Sem querer atrapalhar, antes pelo contrário, para reforçar uma explicação que me parece muito boa, vou dizer que o livro não _possui _a leitura em sentido estrito, mas a leitura diz respeito ao livro, está vinculada a ele. Neste sentido, o livro «possui» a leitura (possui / determina o vínculo ao menos de um ponto de vista gramatical, na frase; «designa-o», como ficou dito). Podemos dizer_ O livro cuja imagem se vê reproduzida abaixo... _Será que o livro possui a imagem? Bom, depende da interpretação de _possuir_, suponho, mas para o que nos importa, e mais uma vez, é o vínculo, a relação, que dá azo ao uso de _cujo_. De resto só estou a reiterar, ou repetir, as palavras de guihening (e se não for assim, que me corrijam).


----------



## guihenning

J. Bailica said:


> Bom, depende da interpretação de _possuir_, suponho, mas para *o que nos importa, e mais uma vez, é o vínculo, a relação*, que dá azo ao uso de _cujo_.


Perfeito, conseguiu pôr em palavras o que eu não tinha conseguido. Muito obrigado!


----------



## Carfer

J. Bailica said:


> Será que o livro possui a imagem? Bom, depende da interpretação de _possuir_, suponho, mas para o que nos importa, e mais uma vez, é o vínculo, a relação, que dá azo ao uso de _cujo_. De resto só estou a reiterar, ou repetir, as palavras de guihening (e se não for assim, que me corrijam).
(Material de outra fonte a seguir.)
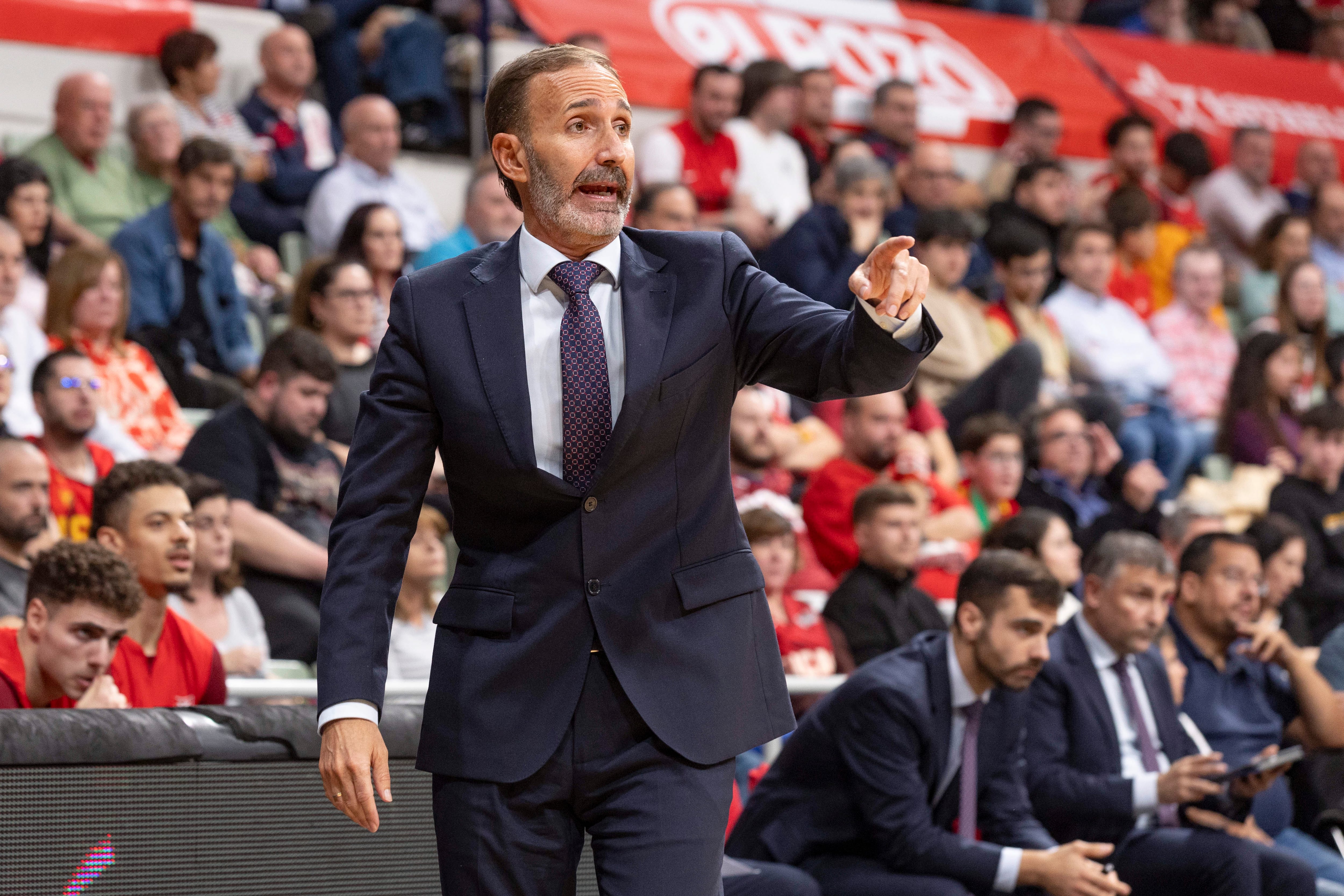 MURCIA, 11/11/2025.- El entrenador del UCAM Murcia, Sito Alonso, durante el partido de la Copa Europea de la FIBA ante el Bosna disputado este martes en el Palacio de los Deportes de Murcia. EFE/Marcial Guillén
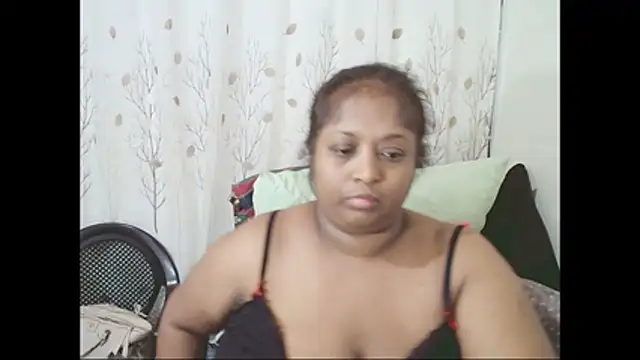 Chatroom XXX en direct de Indiantasha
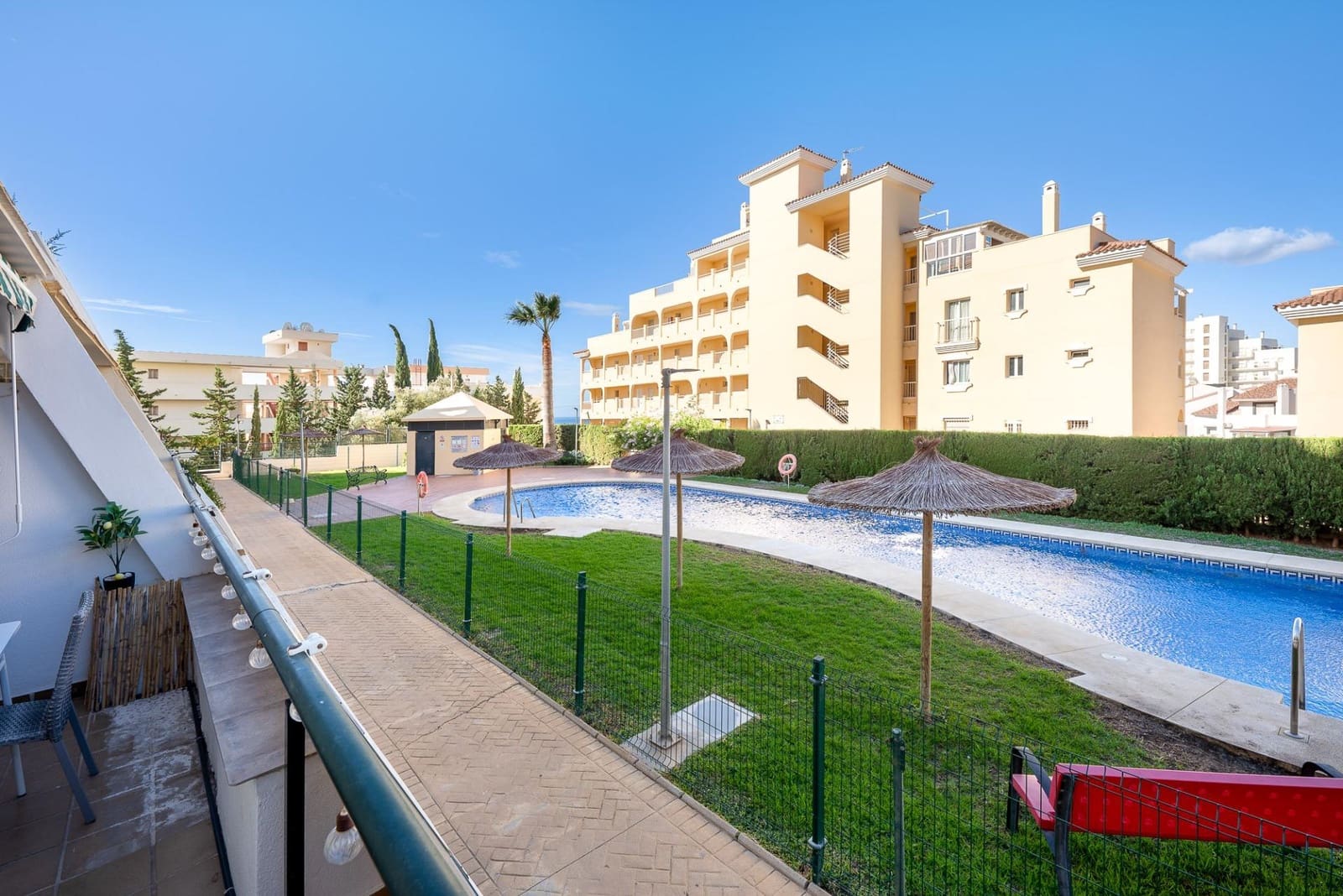2 soveværelse Lejlighed til salg i Torrequebrada med swimmingpool garage - € 310.000 (Ref: 10037486)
Absolutamente de acordo, mas se '_possuir_' levantar problemas, talvez '_pertencer_' permita ultrapassá-los. O que está em causa é uma relação de pertença, que tem um sentido mais amplo e não tão conotado com a propriedade ou a posse.


----------



## Ari RT

Em outras palavras, um caso de genitivo?


----------



## guihenning

É o mais próximo que teríamos dum genitivo, mas ainda não é. Para ser verdadeiramente genitivo 'cujo' teria de ser, por exemplo, o pronome genitivo de 'quem' para significar 'de quem?' em perguntas. De quem é este computador? > *_cujo é este computador? / *cujo computador é este? _(similar ao inglês 'whose' e ao alemão 'wessen'). Em português embora 'cujo' dê conta de pertença/posse o foco principal parece ser o de relacionar dois substantivos e não consegue substituir 'de quem' em perguntas. Curiosamente, porém, para fomentar a defesa do genitivo, o uso português (e o italiano e o espanhol) é idêntico ao do alemão 'dessen/deren', formas genitivas dos demonstrativos. É um resquício duma função, mas ainda não preenche todas as lacunas.


----------



## machadinho

Etimologicamente, 'cujo' vem do latim 'cujus', genitivo de 'qui'. Mas daí para se falar em genitivo em português, só se for por analogia, pois não há relação entre morfologia e função sintática na nossa língua. Nós preferimos marcar função sintática por meio de preposições e da ordem dos termos na sentença. O mesmo vale pra nominativo, acusativo, dativo, locativo etc., em que pese a prática da linguística contemporânea em chamar, por exemplo, objeto direto de 'acusativo' para se distanciar da nomenclatura bizantina da gramática prescritiva.


----------



## Carfer

guihenning said:


> Para ser verdadeiramente genitivo 'cujo' teria de ser, por exemplo, o pronome genitivo de 'quem' para significar 'de quem?' em perguntas. De quem é este computador? > *_cujo é este computador? / *cujo computador é este? _(similar ao inglês 'whose' e ao alemão 'wessen'). Em português embora 'cujo' dê conta de pertença/posse o foco principal parece ser o de relacionar dois substantivos e não consegue substituir 'de quem' em perguntas.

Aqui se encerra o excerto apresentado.